Evrensel Gazetesi'nin Ekonomist Mustafa Sönmez ile Afet Yasası üzerine yaptığı söyleşi.

Her şeyin paraya tahvil edildiği günümüzde kentsel dönüşümün parayla ‘değişebilir’ olması kaçınılmaz. Zaten işin içine ‘sektör’ kavramı girince -mesela inşaat sektörü- kâr da, rant da, ticaret de söz konusu meselenin aslı oluveriyor. Hele kentsel dönüşüm gibi bir konuda! Ve inşaat firmalarının ismini artık herhangi bir akrabamızın isminden daha fazla duyar ve görür olmuşsak.

Anlaşılacağı üzere bugün dosyamızda kentsel dönüşümün ekonomik yönüyle ilgiliyiz. Konuğumuz Ekonomist Mustafa Sönmez.

Kentsel dönüşüm, Mecliste yasalaşmasıyla birlikte, depremle de ilgisi kurularak gündeme daha yakıcı bir biçimde geldi. Biz en basit yönüyle başlayalım. Şehir içinde bir okul bir yerden kaldırılacaksa, bir mahallede kentsel dönüşüm yapılacaksa ya da Haydarpaşa çevresi dönüştürülecekse ilk akla gelen kavram rant.

Tabii, kentsel dönüşüm kimin nasıl ele aldığına bağlı bir şey. Türkiye şartlarında kentlerin durumunu ele alırsak, gerçekten de son derece çarpık, doku itibariyle özensiz, kimyası itibariyle sağlıksız bir yapı oluşmuş. İthal ikameci sanayileşme döneminde, sanayiinin etrafına gecekondu biçiminde ya da yap-sat inşa edilmiş binalar. Ama bugün, hem ömürlerini doldurmuşlar, hem de altyapıdan yoksun kent yapısı ortaya çıktı. Buna kısaca çarpık kentleşme de deniyor. ’80’den sonra tabii, İstanbul sanayi şehri olmaktan çıkarken eski bölgeler, mesela Haliç farklı bir işlev üstlendiğinde zamanında sanayi işçilerinin kaldığı yerlerde bir dönüşüm ihtiyacı ortaya çıktı. Bir yenilenme ihtiyacı var. Bu iktidardan iktidara ve yönetimin hangi sınıfa dayandığına bağlı olarak farklı bir yenilenme olur. Halka dayanan, halktan yana bir iktidar bu dönüşümü farklı bir şekilde yapar, kentsel rant üzerinden birikimi hedef almış sınıflara dayanan bir iktidar farklı yapar. Bizim yakın zamanlarda ya da son 10 yıldır şahit olduğumuz böyle bir niyet. AKP iktidarının kentsel dönüşüme yaklaşımının altında bu dönüşümü rant üretimine tahvil etmek ve dönüşümü yapacak olan yandaş müteahhit firmalara bunu bahane ederek bir kaynak aktarmak var. Devamında da bu devasa inşaat faaliyetini ekonominin kriz koşullarında somutlanabileceği bir pencereye dönüştürme hadisesi var. Biz bunu sürdürülmekte olan iktisadi politikalarla, bugüne kadar ki pratikle ve genel olarak iktidarların sermaye birikimi süreci içinde inşaat faaliyetinin yerini dikkate alarak değerlendirmek durumundayız.

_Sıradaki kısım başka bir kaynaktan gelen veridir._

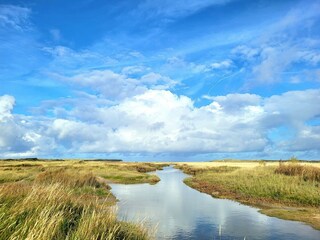 Casa per le vacanze De Cocksdorp Ambiente 20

‘Bu projede ciddi bir rant hesabı var’ diyorsunuz…

Mutlaka. Olmaz olur mu? Hele ki, İstanbul’da bir inşaat meselesi olur da rant olmaz mı? Türkiye’de sermaye birikimi rant üstüne. Özellikle İstanbul rantı üzerine odaklanmış durumda. Sanayi üstünden sermaye birikimi sağlamak ve kâr sağlamak, özellikle Asya’nın rekabetiyle zorlaştı. Dolayısıyla sermaye varsa yoksa İstanbul rantı üzerinden birikimini sürdürmeye devam ediyor.

AKP hükümeti süresince, inşaat sektörünün yıldızı da parladı. Belki, Türkiye’de hep önemli bir yere sahip oldu. Ancak büyük inşaat firmalarının ismi, herhalde son 10 yılda bu kadar bilinir oldu.

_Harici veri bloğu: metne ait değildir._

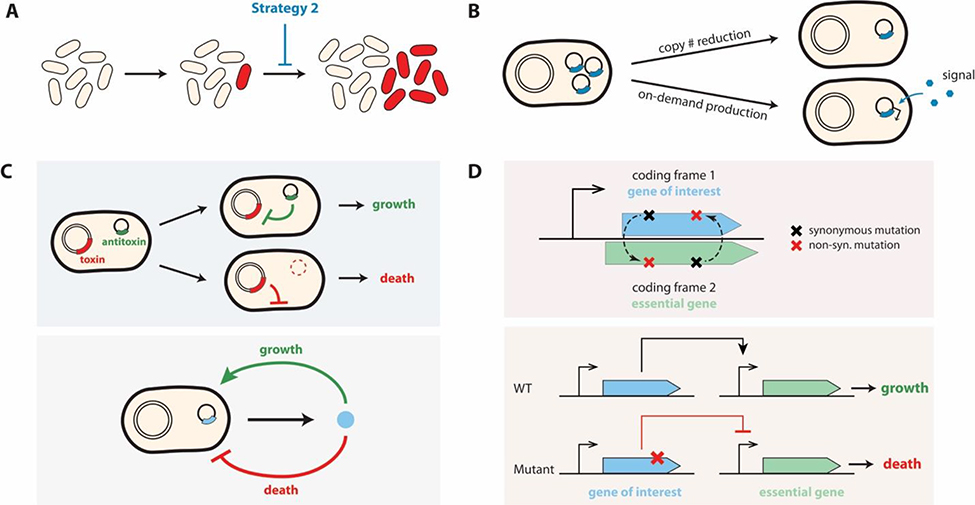 Figure 3.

Bu da işte diğer alanlar tıkandığı için böyle. Dön bak, Anadolu’da böyle akılda kalan sanayi yatırımı yok. Yani, ne yeni bir otomobil fabrikası, ne yeni bir beyaz eşya fabrikası akıllara gelmiyor. Böyle bir sanayi yatırımı yok. Hem yerli hem de yabancı sermayenin yöneldiği yatırım alanı sanayiden çok finans ve İstanbul yatırımları oldu. Mesela eski karayolları binasına, bir sanayici olarak bildiğimiz Vestel, gelip devasa bir blok yığını yapıyor. Neden? Çünkü o arsa üzerine yapılmış olan kompleks, herhangi bir sanayi yatırımından daha fazla kâr sağlayacak durumunda. Bütün sermaye gruplarının kendileri finansı seçtikleri; Eczacıbaşı’dan İş Bankasına kadar, onlar kanyonu yapıyorlar, yeni alışveriş merkezleri tasarlıyorlar. Eskiden sanayici olarak bildiğimiz kesimler, mesela Aydın Doğan’ı alalım; mesela sanayiden ve finanstan inşaat sektörüne geçti. İzin alabilse Hilton’u koca bir inşaat haline getirebilecek.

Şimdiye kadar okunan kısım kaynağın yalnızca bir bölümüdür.